I must say that I disagree pretty much completely with this.  

Firstly, my opinions are probably shaped a lot by my profession.  

I can't just wake up one day and say, "Hey, I think I'll be an engineer and start charging people for my services."  Instead, I had to go to school, work under an engineer for a while, and get a special certification.

Not so for writing.  Anyone can simply put stuff down and try to charge money for it regardless of the quality.

On one hand, I'm all about letting the market decide.  If you can find an audience, your work obviously had merit.  On the other hand, the noise produced by so many choosing to put work out there, some of extremely low quality, makes it more difficult for others to get noticed.

It brings up a lot of subjective questions:

1. What should an author's objective be, to produce quality material or to produce material that sells?
2. Is there any ethical obligation to make sure your material is of a certain quality before trying to charge money for it?

I'm not sure that there are absolute, objective answers to either of those questions.  But, from the opposite perspective, I don't think it's necessarily a bad thing to advise perspective authors that they need to consider these issues.  There are certainly going to be people in the reading audience that are going to be judging based on them, and they need to be prepared for that judgment.

Secondly, it is possible to produce complete crap.  Not every word that is produced by anyone has artistic, or any other kind, of merit.  It would kinda be like me thinking my toddler's finger painting deserves to be displayed in the Louvre because it's "art."  There is training, a learning curve, and talent involved even in producing art.

While, like Phil, I don't want to discourage anyone from trying, I would like to encourage them to make sure, by some external criteria, that they're ready before trying to charge money for their work.


----------



## WyrdMystic (Jan 27, 2013)

I'm not sure that was exactly Phil's point (correct me if I'm wrong) - I think what he's getting at is there is a difference between pure crap and what people think is crap based on their own preferences.

Also, that there is more than one way to skin a cat, so to speak.

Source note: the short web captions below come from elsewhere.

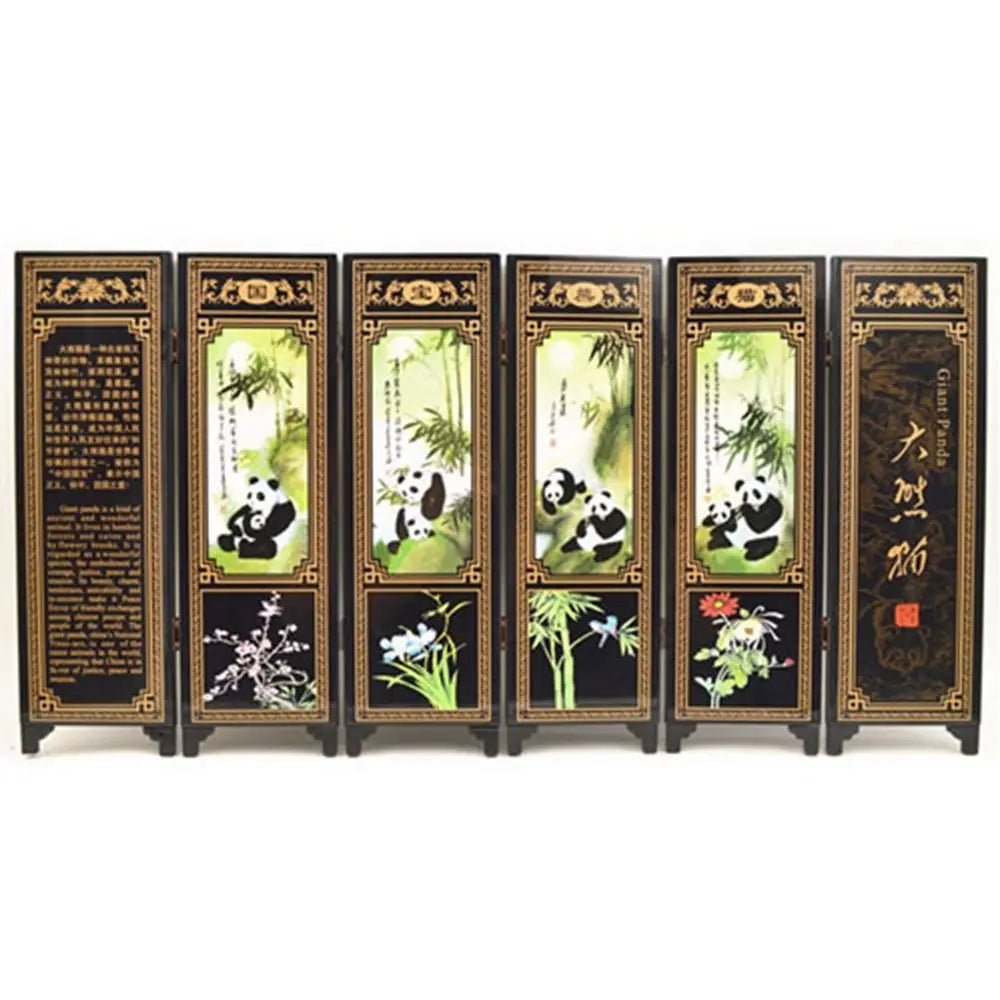paravent chinois peinture traditionnelle paysages animaux calligraphie bois doré noir ornement chambre multifonctionnel souvenirs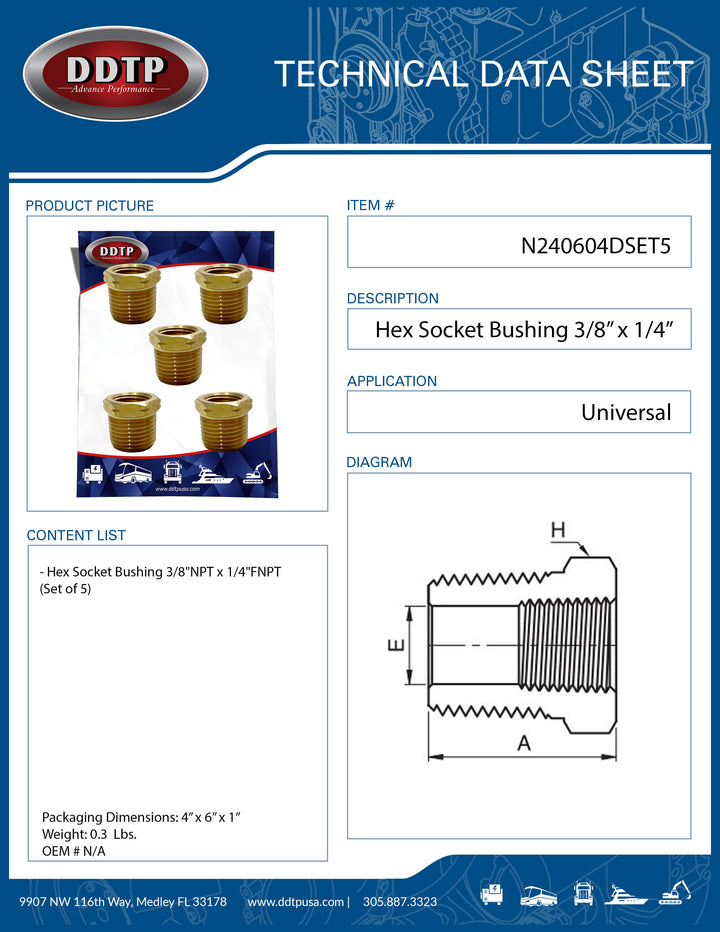 Hex Socket Bushing 3/8"NPT x 1/4"FNPT (Set of 5)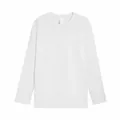 Minimalistisch wit heren T-shirt met lange mouwen van puur katoen en een losse pasvorm - S / Tops / Wit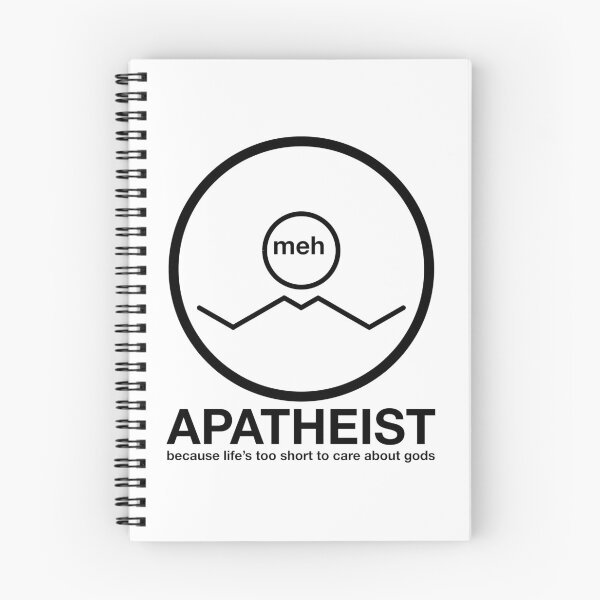 Item preview, Apatheist Meh Because Life's Too Short to Care About Gods Atheist Rationalist Symbol Black Text designed and sold by MathWare MathClips.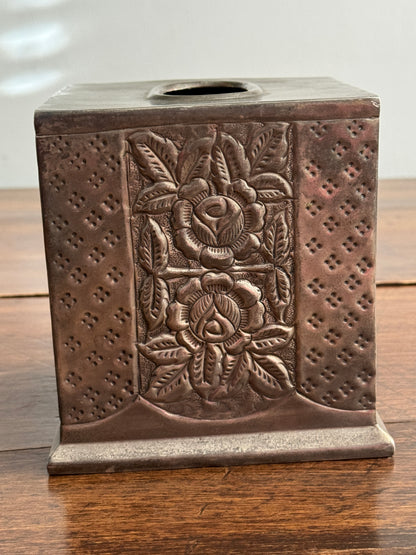 Vintage Silver-Plated Square Tissue Box Holder with Ornate Flower Detailing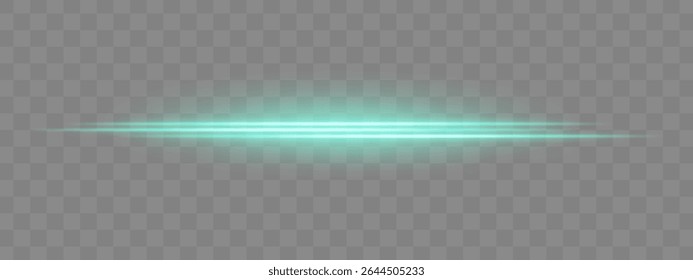 Dual green horizontal light beams with soft glow and motion blur on transparent background. Futuristic energy streak ideal for UI design, sci-fi overlays, or speed effects.
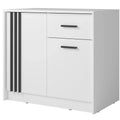 Comoda CANADA CY24, PAL laminat, alb/negru, 102×42×94 cm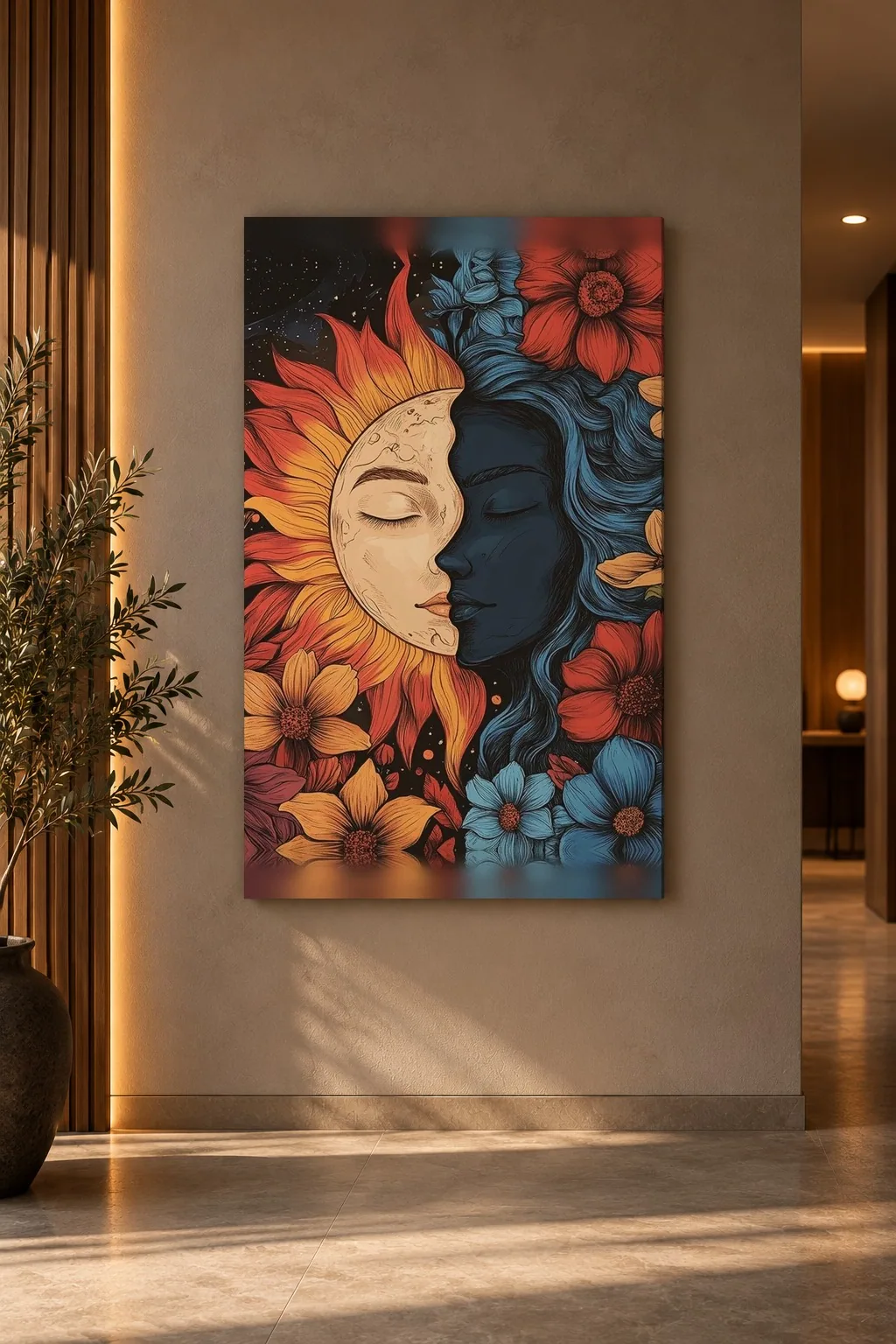 Quadro Sol e Lua em Rostos na parede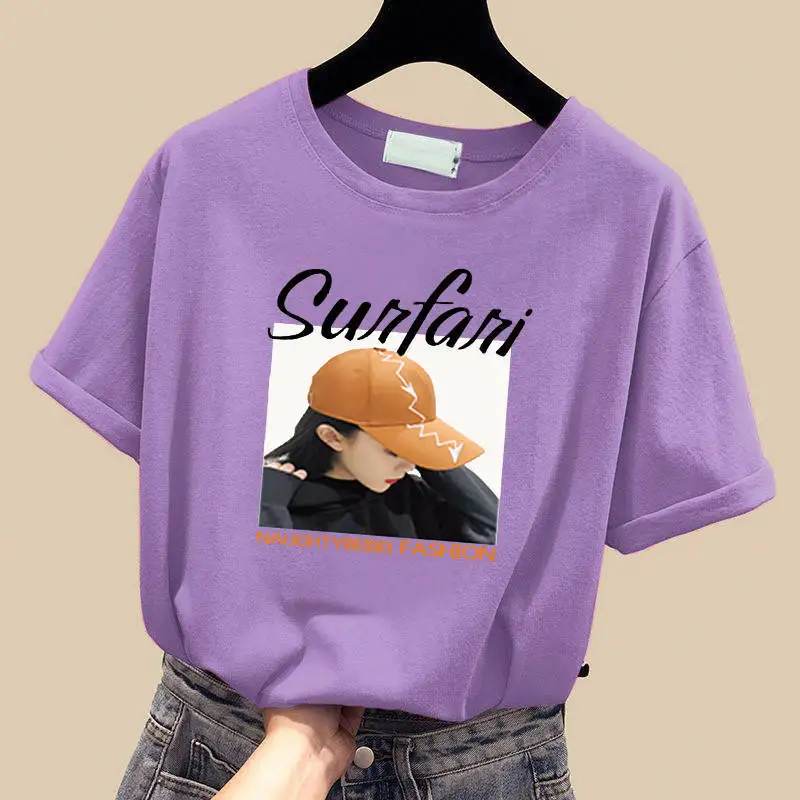 

New short-sleeved t-shirt women's summer white loose half-sleeved large size Korean round neck top bottoming shirt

You can follow rules to nth and still produce crap, likewise you can shirks the rules altogether and manage to pull of something fresh and exciting. 

At the end of the day, if someone likes your story and are happy to have paid for it - it doesn't matter what rules they have and haven't followed because the author has succeeded in what they set out to do - entertain.


----------



## BWFoster78 (Jan 27, 2013)

WyrdMystic said:


> I'm not sure that was exactly Phil's point (correct me if I'm wrong) - I think what he's getting at is there is a difference between pure crap and what people think is crap based on their own preferences.
> 
> Also, that there is more than one way to skin a cat, so to speak. You can follow rules to nth and still produce crap, likewise you can shirks the rules altogether and manage to pull of something fresh and exciting.
> 
> At the end of the day, if someone likes your story and are happy to have paid for it - it doesn't matter what rules they have and haven't followed because the author has succeeded in what they set out to do - entertain.



I don't think anything that I wrote contradicts that idea that writing is subjective or concerns "rules" at all.  I'm simply advocating that, if you want to charge for your work, perhaps it's a good idea for you to seriously consider whether that work is truly worthy of people paying money for it and seek an external method of validation.


----------



## WyrdMystic (Jan 27, 2013)

Sorry, i think I was thrown by the bit where you said 'I must say that I disagree pretty much completely with this. '

The only people who will decide whether your work is good or not is your readers. How much effort uou put into external measures is questionable, and I would say its to protect the author perhaps more than the reader.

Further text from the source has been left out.